Reportagem do jornal sul-coreano Korea Herald conta a história de vários norte-coreanos que, ao conseguirem uma vida melhor no vizinho do sul e tentarem ajudar os familiares e amigos que ficaram para trás, acabam sendo alvos dos mais diversos infortúnios.
Uma dessas histórias envolve Park (nome parcial, a pedido da entrevistada), uma mulher de 44 anos que fugiu da Coreia do Norte e de um passado de fome e miséria ao lado dos três filhos. Ela acabou conhecendo outro desertor que, em troca de uma comissão, conseguiria enviar os recursos de Park aos seus familiares.
Contudo, tudo não passava de um golpe. Ela perdeu todas as suas economias – US$ 17,9 mil –, que nunca chegaram aos seus entes queridos em Hyesan, na provícia de Ryanggang, no norte do país asiático.
“Eu tinha passado meses para encontrar esse cara, mas sem sucesso. É simplesmente ultrajante pensar que outros desertores, como eu, seriam facilmente enganados por esse tipo de fraude, perdendo as suas economias”, lamentou Park.
China no caminho
Embora não existam dados oficiais, quase 60% de 400 desertores, pesquisados pelo Centro de Banco de Dados baseado em Seul para os Direitos Humanos da Coreia do Norte, enviaram dinheiro para casa.
A Coreia do Sul não permite a remessa de fundos para a Coreia do Norte. Muitos acabam usando, ilegalmente, serviços por meio da China. De acordo com pesquisa do jornal local Chosun Ilbo, em janeiro de 2016, 140 de 200 desertores disseram que eles transferiram regularmente dinheiro para suas famílias no norte através de agentes baseados na China.
O principal problema é a falta de informação que acomete os desertores que buscam, geralmente em Seul, uma vida melhor para si e para suas famílias. É assim que acabam sendo vítimas de estelionatários, que se aproveitam da desinformação para lucrar.

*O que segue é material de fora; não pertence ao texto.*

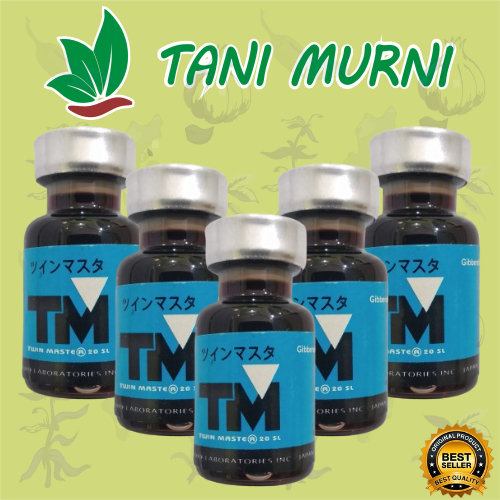 Zat pengatur tumbuh tanaman TWIN MASTER TM 3ML ORIGINAL ASLI JAPAN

“Não tinha muito dinheiro, já havia se passado apenas três meses depois que consegui um emprego como operário de fábrica. Então meu chefe me emprestou dinheiro para financiar o casamento do meu irmão mais velho no norte”, contou Cho, de 30 anos, outro desertor.
“Eu fui contatado por uma corretora de dinheiro, e concordamos com uma comissão de 15%. Mas depois de três meses, soube pela minha família que ela tomou muito [dinheiro] mais sem uma única palavra sobre isso”, relembrou.
Um desses corretores que atuam com a promessa de ajuda a desertores da Coreia do Norte explicou que o dinheiro não vai diretamente para o norte, passando por várias instâncias – geralmente na China –, até chegar (ou não) ao seu destino. Fatias dos recursos são tomadas, quase sempre sem a anuência de quem os envia, ao longo do caminho.
Esperança
O Ministério da Unificação vem tentando combater tais práticas, oferecendo cursos de prevenção contra golpes aos desertores norte-coreanos. Entretanto, as tensas relações entre os dois países representam um dos entraves. Outro é a dificuldade em monitorar tais transações.
Todavia, há quem tenha a sorte de ver o dinheiro suado chegar às mãos da família na Coreia do Norte. É o caso de uma mulher de 42 anos de nome Kim Hye-sook. De “coração partido” ao pensar nas condições de vida dos sobrinhos no norte, ela pretende seguir enviando dinheiro enquanto a saúde permitir.
“Às vezes, vários rostos de meus amigos veem à minha mente. Eu sempre me pergunto se as duas Coreias se reunirão para que eu possa vê-los novamente”, comentou.
Para especialistas, é possível que o fluxo de recursos de desertores possa vir a ajudar, a médio e longo prazo, no processo de reunificação na Península Coreana. A exposição a melhores condições de vida é um trunfo para quem espera, como Kim, pela união entre os dois países, separados há mais de 65 anos.